Maybe that's why, in the March 7 primary, voters emitted a collective "meh." Voter turnout was 21 percent of those registered — a number that excludes, by the by, a vast population of eligible citizens who've never registered.
The numbers who vote to elect a new Los Angeles mayor on May 21 don't promise to be much higher.
"I don't know that I've ever seen a mayoral election in Los Angeles with so much disinterest," says Doug Epperhart, a San Pedro community activist and member of the city's Board of Neighborhood Commissioners. "There is no enthusiasm.

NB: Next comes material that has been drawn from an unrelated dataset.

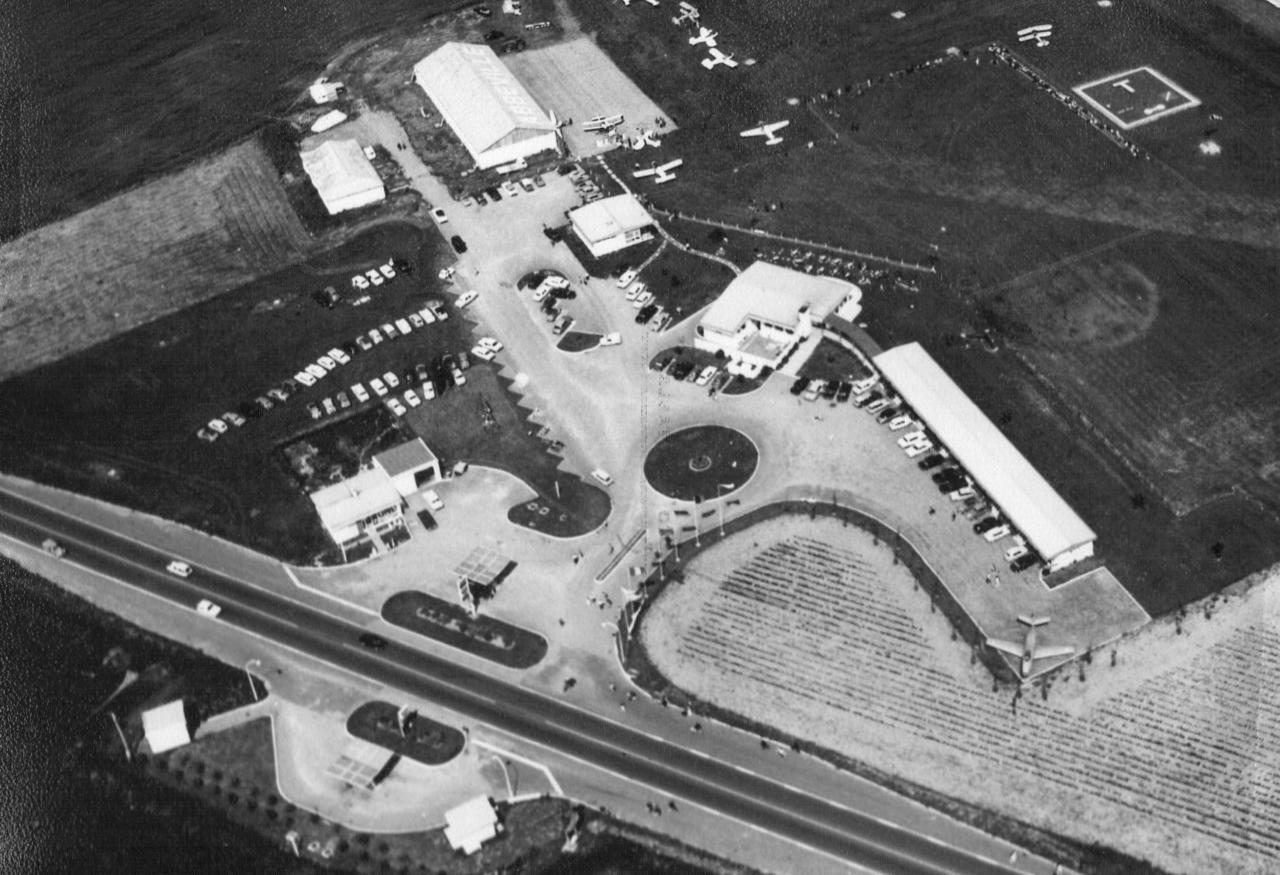 Logis Hotel & Restaurant De L'Aerodrome De La Baie De Somme Buigny-Saint-Maclou Екстериор снимка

I had a neighbor say to me, 'The only reason I'm voting for Wendy Greuel is because [City Councilman] Joe Buscaino endorsed Garcetti and I hate Joe Buscaino."
That perfectly captures what so many feel about two candidates with inoffensive yet less than stellar records who have spent much of the past decade awarding themselves and their colleagues gold stars for modest victories.
South Los Angeles community activist Shawn Simons sums the race up with even more bitterness:
"You've got two assholes who have been in City Hall for a decade, driving our city toward insolvency," she says. "It's not like they've been saving their good ideas for when they're mayor."
His opponents, derisively, call him Prince Eric. And there is something rather princely about Eric Garcetti, a former child actor and unabashed idealist who speaks in an almost melodic cadence, and whose father, Gil, was famous as L.A. district attorney thanks in part to the O.J. Simpson trial.
Simons initially was impressed and charmed by Garcetti, who had invited a number of community activists to meet with him. He reminded her of a character on the now-defunct NBC series Heroes.
"And then I started to watch him a little," Simons says. She started attending more City Council meetings and couldn't help but notice that Garcetti, and most other council members, openly ignored residents who had taken time off work and traveled to City Hall to comment on city proposals. Often, she says, Garcetti and the others rudely yucked it up with each other and staffers.
"You watch them tweet and chat and not spend a second listening to the people who come down there," Simons says. "You get a real distaste for them."
One of Garcetti's talents is his ability to be all things to all people. He can size someone up and know exactly the right compliment to offer, the right thing to say, to make the person believe he's on their side.
But that talent has left many critics and activists feeling that Garcetti is a likable phony with a veracity problem. Like Greuel, he has carried water for the widely hated Department of Water and Power, but he has been slicker than Greuel at avoiding political fallout.
In late 2008, Garcetti quietly hid a city report by PA Consulting that warned of the staggering costs of Measure B, a plan to hand unionized DWP workers an exclusive deal installing solar panels on government buildings and parking lots. The report called the plan "extremely risky," with projected costs in the billions.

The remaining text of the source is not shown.